=== Given records ===

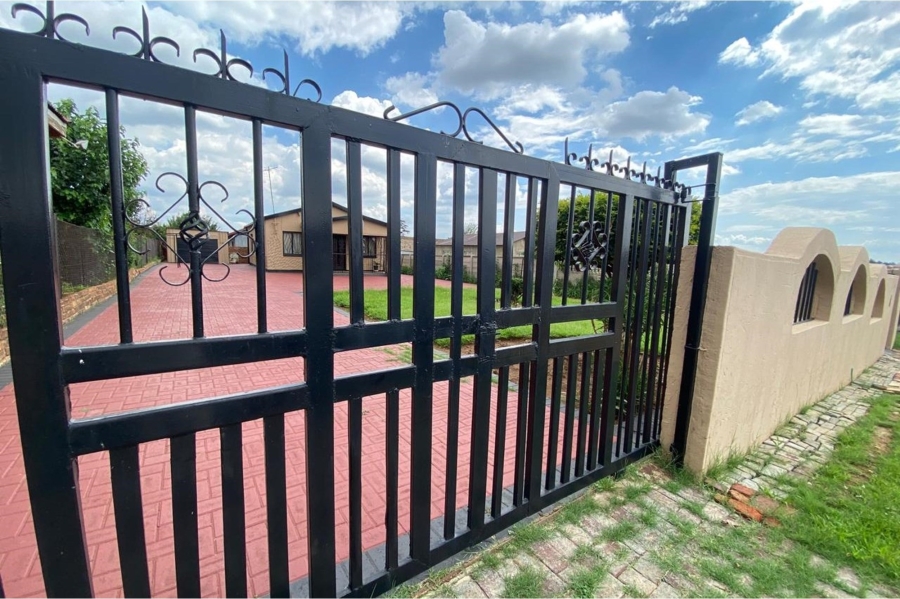 2 Bedroom Property for Sale in Sebokeng Zone 6 Gauteng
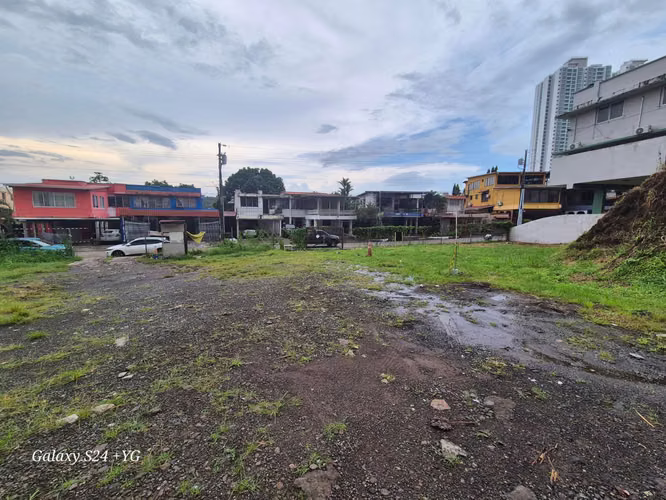 VENTA DE TERRENO EN VILLA DE LAS FUENTE 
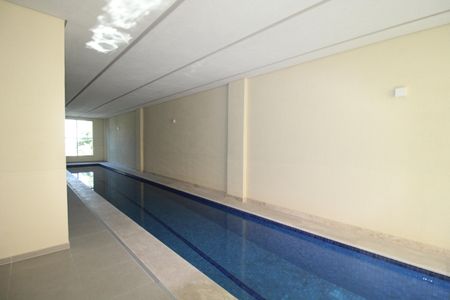 Apartamento à venda com 74m², 2 quartos e 1 vagaÁrea Comum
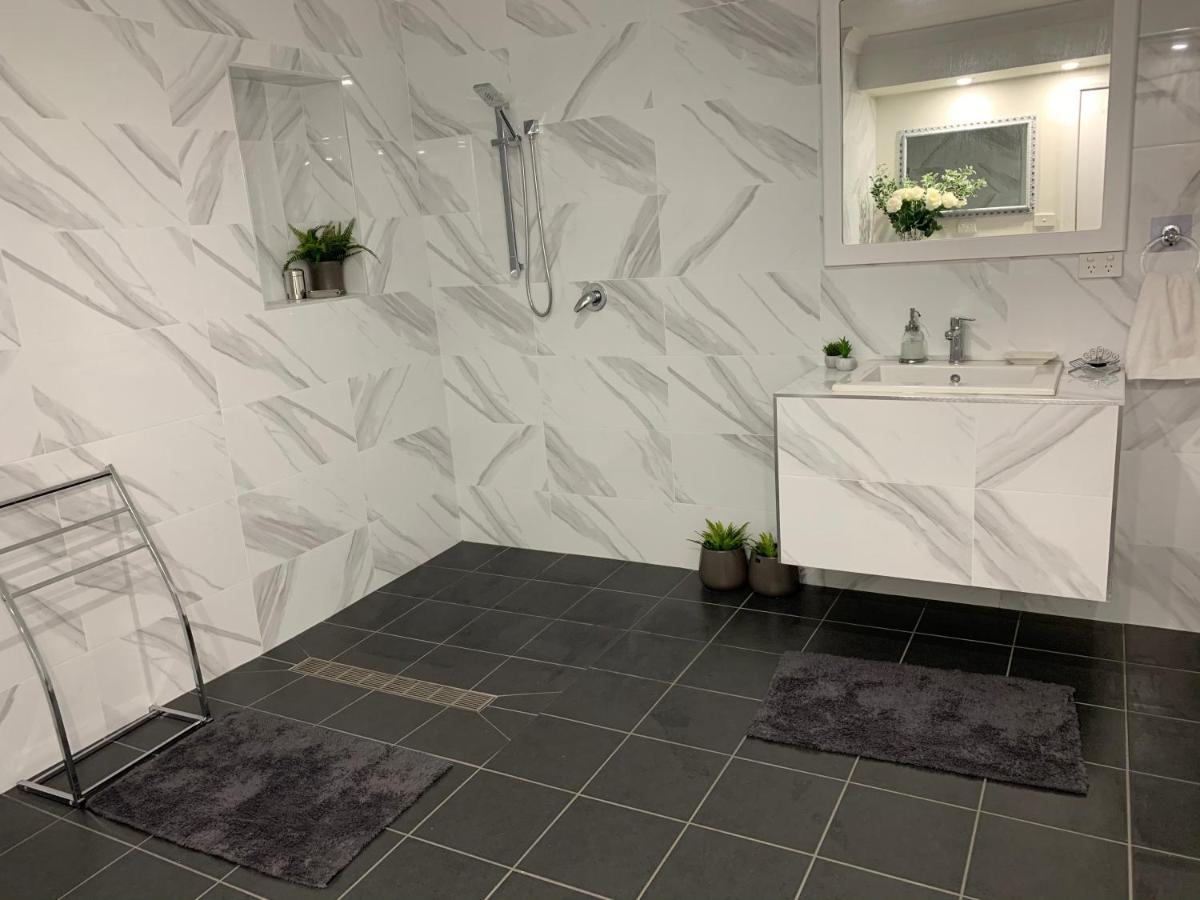 Camelot Country Stay in Orange - Housity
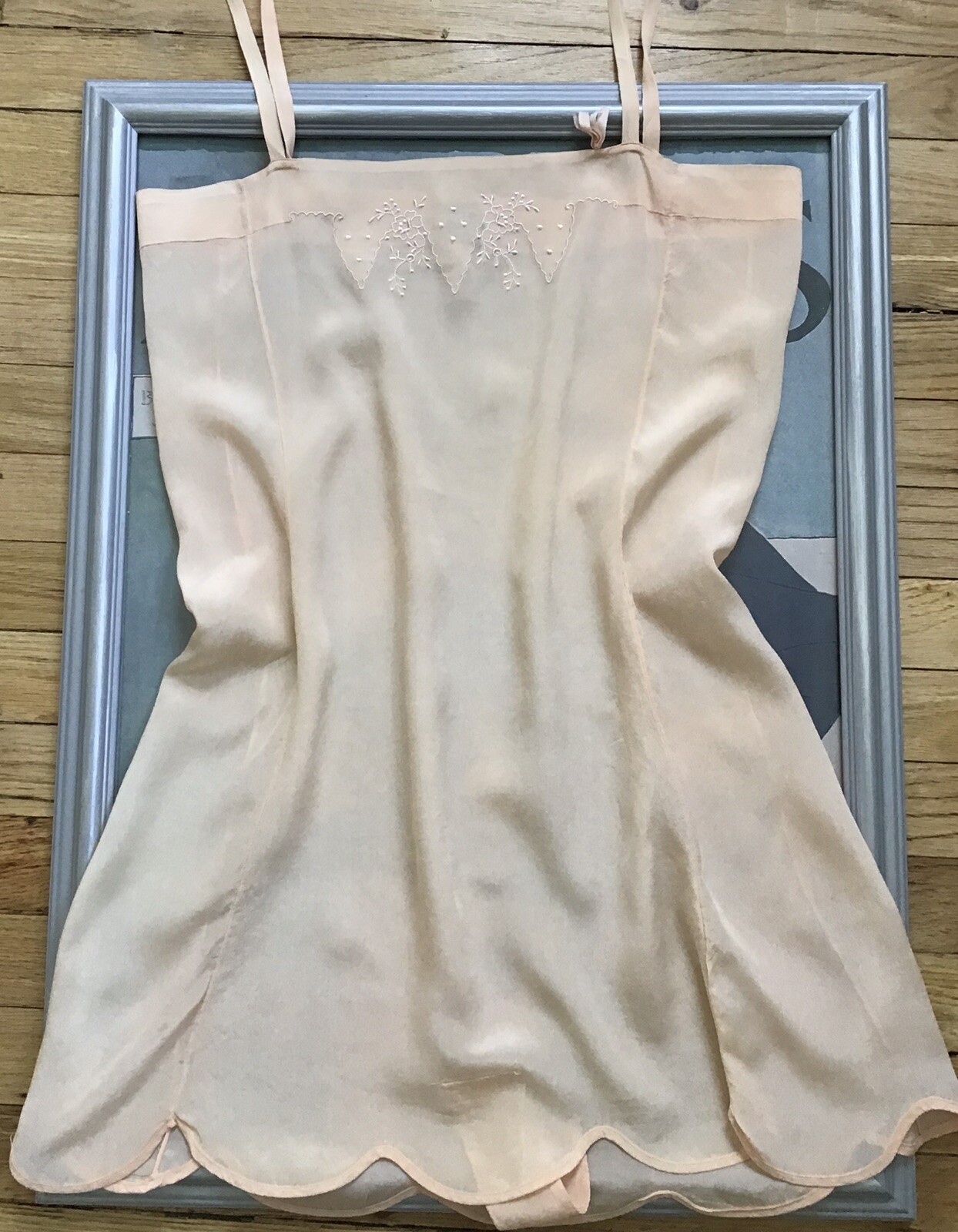 Antique 1920’s 1930’s silk teddie / step in / slip – Trillium Brand Small Medium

===

**Assignment**. The lines from the one with "Apartamento à venda" to the end of the data above should be retyped exactly, both ends included, and pictures are to be left out.

**Answer for the task**.
 Apartamento à venda com 74m², 2 quartos e 1 vagaÁrea Comum
 Camelot Country Stay in Orange - Housity
 Antique 1920’s 1930’s silk teddie / step in / slip – Trillium Brand Small Medium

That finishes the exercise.